The pitch line: “Dime qué vendes. Te decimos el precio justo y el título que convierte — en 10 segundos.”

Why this exists

Wallapop is full of casual sellers pricing by feel. The good listings — clear titles, sensible photos, condition stated up front, prices that match the market — sell quickly. The bad ones sit. Segundista does the boring market-research bit so the seller can focus on actually moving the item.

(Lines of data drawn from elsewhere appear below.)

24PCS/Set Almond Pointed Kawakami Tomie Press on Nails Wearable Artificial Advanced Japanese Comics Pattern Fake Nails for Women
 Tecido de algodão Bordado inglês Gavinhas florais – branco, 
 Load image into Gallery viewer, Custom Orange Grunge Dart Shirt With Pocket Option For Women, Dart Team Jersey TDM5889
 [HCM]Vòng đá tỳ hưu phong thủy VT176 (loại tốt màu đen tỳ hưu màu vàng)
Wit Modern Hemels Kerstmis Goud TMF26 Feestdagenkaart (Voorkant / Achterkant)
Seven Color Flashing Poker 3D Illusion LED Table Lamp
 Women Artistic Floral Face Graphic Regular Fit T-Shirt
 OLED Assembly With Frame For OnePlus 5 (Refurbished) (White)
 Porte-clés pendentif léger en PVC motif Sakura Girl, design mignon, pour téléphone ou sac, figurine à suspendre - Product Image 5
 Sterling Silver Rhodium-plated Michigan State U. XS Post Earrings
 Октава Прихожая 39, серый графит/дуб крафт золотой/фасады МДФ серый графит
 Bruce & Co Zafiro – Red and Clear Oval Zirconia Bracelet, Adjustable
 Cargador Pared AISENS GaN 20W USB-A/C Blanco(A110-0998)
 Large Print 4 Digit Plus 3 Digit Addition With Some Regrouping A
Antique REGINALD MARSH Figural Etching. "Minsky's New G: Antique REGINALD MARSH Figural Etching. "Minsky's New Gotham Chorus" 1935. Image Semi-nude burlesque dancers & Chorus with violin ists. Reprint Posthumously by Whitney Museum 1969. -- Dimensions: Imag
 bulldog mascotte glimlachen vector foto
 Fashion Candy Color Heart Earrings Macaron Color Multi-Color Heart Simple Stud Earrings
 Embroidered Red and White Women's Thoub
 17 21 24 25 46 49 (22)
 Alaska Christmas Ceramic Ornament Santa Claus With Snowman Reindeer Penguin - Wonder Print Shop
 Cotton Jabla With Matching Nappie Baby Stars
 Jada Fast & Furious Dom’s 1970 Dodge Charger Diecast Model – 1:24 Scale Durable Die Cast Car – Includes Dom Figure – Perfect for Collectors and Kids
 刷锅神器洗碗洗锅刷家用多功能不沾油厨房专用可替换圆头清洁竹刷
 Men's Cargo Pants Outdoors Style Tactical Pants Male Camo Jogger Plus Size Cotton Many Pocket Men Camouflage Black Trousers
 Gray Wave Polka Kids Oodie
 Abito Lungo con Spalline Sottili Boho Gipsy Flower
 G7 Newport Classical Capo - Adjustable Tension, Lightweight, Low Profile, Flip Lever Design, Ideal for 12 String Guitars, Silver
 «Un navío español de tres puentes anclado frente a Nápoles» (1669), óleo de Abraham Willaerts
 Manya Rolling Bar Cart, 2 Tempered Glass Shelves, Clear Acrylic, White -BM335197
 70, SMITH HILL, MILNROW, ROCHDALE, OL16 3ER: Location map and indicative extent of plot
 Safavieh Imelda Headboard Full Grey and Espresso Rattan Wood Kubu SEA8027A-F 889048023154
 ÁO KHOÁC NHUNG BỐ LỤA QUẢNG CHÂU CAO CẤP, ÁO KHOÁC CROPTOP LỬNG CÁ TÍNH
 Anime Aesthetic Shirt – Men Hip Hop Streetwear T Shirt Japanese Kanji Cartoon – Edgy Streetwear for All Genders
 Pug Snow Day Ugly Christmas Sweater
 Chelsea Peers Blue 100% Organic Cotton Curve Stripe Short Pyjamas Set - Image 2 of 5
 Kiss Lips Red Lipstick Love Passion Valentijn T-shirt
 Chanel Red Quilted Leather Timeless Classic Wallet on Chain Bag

It’s also a fun problem: scraping the market, modelling price distributions by condition, and using an LLM as a transient analysis tool without persisting any of the scraped content (which keeps it on the right side of copyright).

How it works

  1. Scrape — a custom async scraper (httpx + tenacity) hits the Wallapop search API for the user’s keyword and pulls live listings.
  2. Bucket by condition — listings are grouped by the four standard Wallapop condition labels (nuevo, como_nuevo, buen_estado, usado). Pricing recommendations come from these buckets, not raw averages.
  3. Analyze titles + descriptions — the LLM (Gemma via DeepInfra for cheap pattern extraction; Claude for the hard cases) reads the listings in memory and reports back what the converting titles have in common: keywords, length, what details sellers emphasize.
  4. Recommend — the user gets three suggested prices (one per tier), a converting title, a draft description tuned to their answers, and a recommended city based on where similar items move fastest.
  5. Track — Celery beat takes periodic snapshots so we can show price history per keyword over time.

Stack

Backend — FastAPI 0.115 on Python 3.12, fully async. SQLAlchemy 2.0 + asyncpg against PostgreSQL 16. Redis 7 for cache + Celery broker. Celery 5.4 with beat scheduler for the periodic market updates.

Frontend — server-rendered Jinja2 + HTMX + Alpine.js + Tailwind. Chart.js for the price distributions. No SPA, no bundler, no Node — fast to ship, easy to deploy.

Auth — fastapi-users with Google OAuth.

LLM layer — Anthropic SDK for Claude on the harder questions; DeepInfra (Gemma) for the high-volume cheap stuff. The boundary between them was tuned by cost-per-analysis, not capability.

Observability — Sentry + structlog for JSON-formatted logs.

Infrastructure — Docker Compose, deployed via Coolify behind Traefik on a Hetzner VPS. Let’s Encrypt for TLS.

Things I’m proud of

Vendored vendor JS. Everything in /static/vendor/ is committed into the repo. No CDN. Tighter Content Security Policy, better load time, survives third-party outages. A small choice with outsized payoff.

Redis-backed global rate limiter. 120 requests/min burst, 30/sec sustained, per IP. Implemented at the application layer so it counts even when the request hits the cache.

Condition-aware pricing. A “nuevo” iPhone 12 doesn’t share a price distribution with a “usado” one. The recommendation engine respects that — it doesn’t average across conditions.

LLM as a transient tool. None of the scraped descriptions get persisted. The LLM sees them only during a single analysis pass, returns its summary, and the source data is discarded. Solves the legal question by design rather than hoping nobody asks.

Status

Open beta at segundista.com. Built on top of an earlier prototype called Skaut, fully rebranded in April 2026. Codebase is private (ignaciold/segundista) but the deployment infrastructure and patterns are reusable.

Roadmap: more marketplaces (Vinted, eBay-ES), better cross-platform price comparison, and richer historical charts.